There were enough wacky scenes and out-of-control behavior stored in my memory bank to write a memoir. I was use to children getting away with murder and parent's condoning their child's behaviosr that one particular incident stood out for me. I remember having a retention conference with a child that I taught English to. His parents sat silent throughout the whole conference seemingly taking in the fact that their child was failing the seventh grade. The father very solemly turned to me and asked, "Can my boy do the work? I mean-mentally. Can he keep up with others in his class?" I told him that he could, but he was choosing not to. That settled it for the mother. She declared to all assembled that she would not pay for summer schhol.
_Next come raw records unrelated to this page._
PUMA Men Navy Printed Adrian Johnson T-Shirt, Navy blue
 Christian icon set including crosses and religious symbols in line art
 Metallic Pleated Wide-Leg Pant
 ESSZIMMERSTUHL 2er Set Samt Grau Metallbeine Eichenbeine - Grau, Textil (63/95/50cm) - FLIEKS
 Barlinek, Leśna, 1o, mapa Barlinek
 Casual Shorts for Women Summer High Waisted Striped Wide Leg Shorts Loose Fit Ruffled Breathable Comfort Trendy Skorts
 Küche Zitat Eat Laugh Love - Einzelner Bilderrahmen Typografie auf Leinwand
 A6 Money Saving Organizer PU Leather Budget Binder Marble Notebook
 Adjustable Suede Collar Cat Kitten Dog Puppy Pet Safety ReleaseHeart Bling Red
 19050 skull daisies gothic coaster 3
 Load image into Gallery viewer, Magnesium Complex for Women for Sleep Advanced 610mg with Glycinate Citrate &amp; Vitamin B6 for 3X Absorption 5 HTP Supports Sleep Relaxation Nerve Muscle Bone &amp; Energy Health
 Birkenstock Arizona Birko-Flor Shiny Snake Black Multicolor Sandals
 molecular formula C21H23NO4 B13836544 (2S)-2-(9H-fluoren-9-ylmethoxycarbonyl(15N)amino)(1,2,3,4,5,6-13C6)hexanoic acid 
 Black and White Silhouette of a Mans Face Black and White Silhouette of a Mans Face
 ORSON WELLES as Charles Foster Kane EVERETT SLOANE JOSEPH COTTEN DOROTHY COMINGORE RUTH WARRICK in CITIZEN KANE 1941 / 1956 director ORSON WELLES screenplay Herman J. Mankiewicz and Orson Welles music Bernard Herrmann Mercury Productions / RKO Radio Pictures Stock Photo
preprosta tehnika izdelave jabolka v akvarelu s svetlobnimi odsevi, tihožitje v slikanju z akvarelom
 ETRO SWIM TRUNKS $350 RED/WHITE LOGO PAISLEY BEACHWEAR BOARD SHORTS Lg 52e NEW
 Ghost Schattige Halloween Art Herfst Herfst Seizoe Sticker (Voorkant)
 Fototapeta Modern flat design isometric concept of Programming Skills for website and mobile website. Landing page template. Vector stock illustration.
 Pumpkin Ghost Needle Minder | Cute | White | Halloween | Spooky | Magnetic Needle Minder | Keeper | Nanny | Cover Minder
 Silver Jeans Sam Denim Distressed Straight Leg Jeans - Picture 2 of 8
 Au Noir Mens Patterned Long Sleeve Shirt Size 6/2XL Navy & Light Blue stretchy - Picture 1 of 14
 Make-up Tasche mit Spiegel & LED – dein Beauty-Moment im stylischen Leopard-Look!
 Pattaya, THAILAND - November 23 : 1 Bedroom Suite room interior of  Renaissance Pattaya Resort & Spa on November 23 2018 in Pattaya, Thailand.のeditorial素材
That her child was old enough to start taking responsibility, so if he had to stay back, then he would. She told us all that he would just have to start wearing out his own knees and start praying for himself. Of course a variation of this scene makes its way into the pages of The Manual.
I could feel the parents hopelessness, but depsite what either of them had said, I knew their boy would be okay. He had a support system. There were many more prayers to be uttered for him and more conferences they would attend to make sure he was doing what he was suppose to.
I watched there son also the very next year. I knew he liked to sling a few curse words around, and that he had a girlfriend that he liked to kiss by the lockers outside my classroom. He was mannish. I wondered if he got that from his father or his wanna-be grown up friends. Even came by at the end of his eigth grade year to tell me he was finally getting out of middle school.